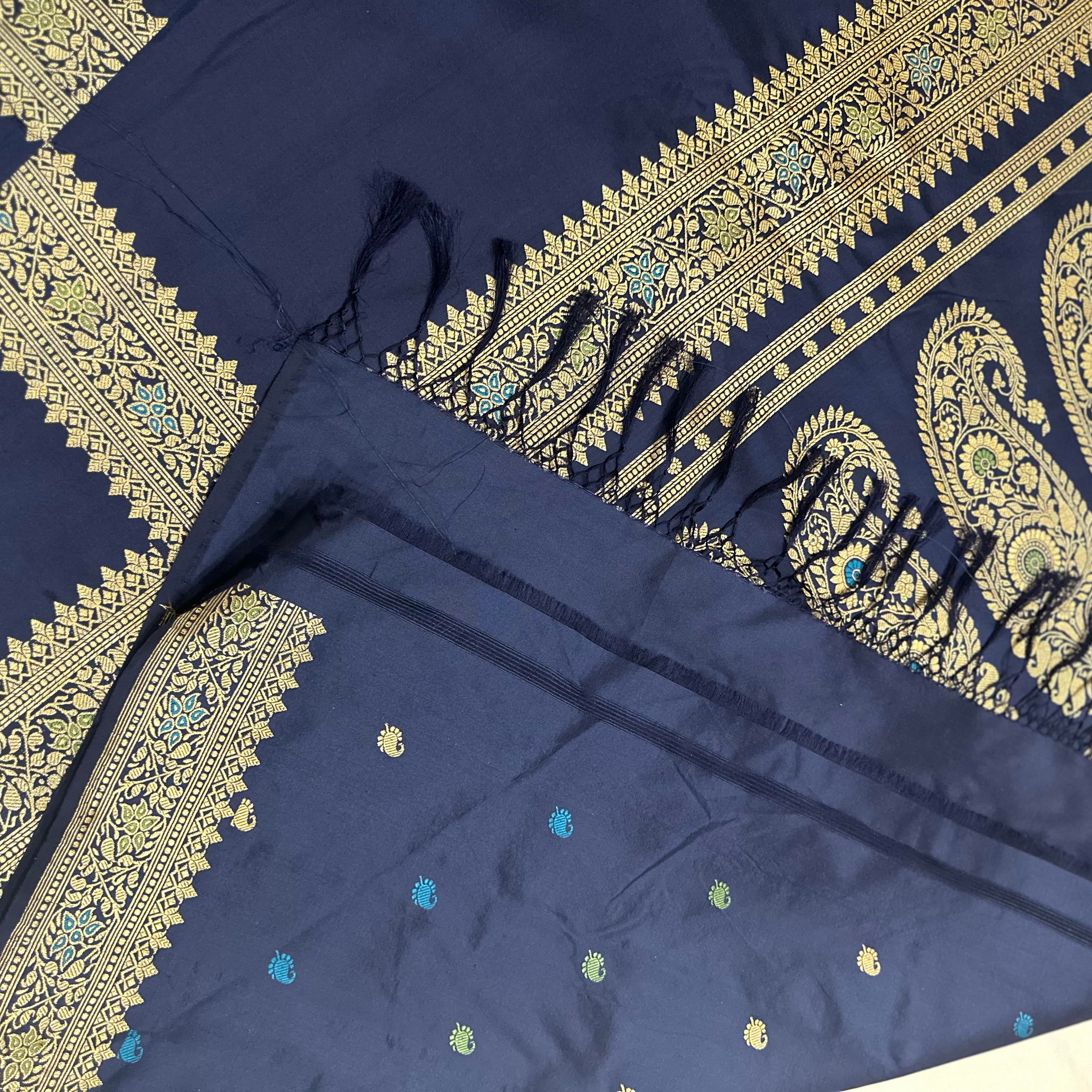 Midnight Blue Three Border Baluchari Saree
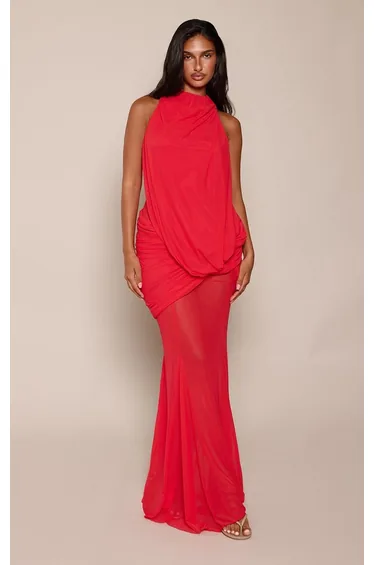 PLT Label Red Mesh Asymmetrical Drape Godet Fishtail High Neck Maxi Dress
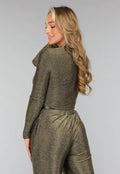 Gouden Shimmer V Hals Bodysuit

→ Task statement:
Only text belongs in the copy: repeat each line of the data exactly and leave out the pictures.

→ Task solution:
 Midnight Blue Three Border Baluchari Saree
 PLT Label Red Mesh Asymmetrical Drape Godet Fishtail High Neck Maxi Dress
 Gouden Shimmer V Hals Bodysuit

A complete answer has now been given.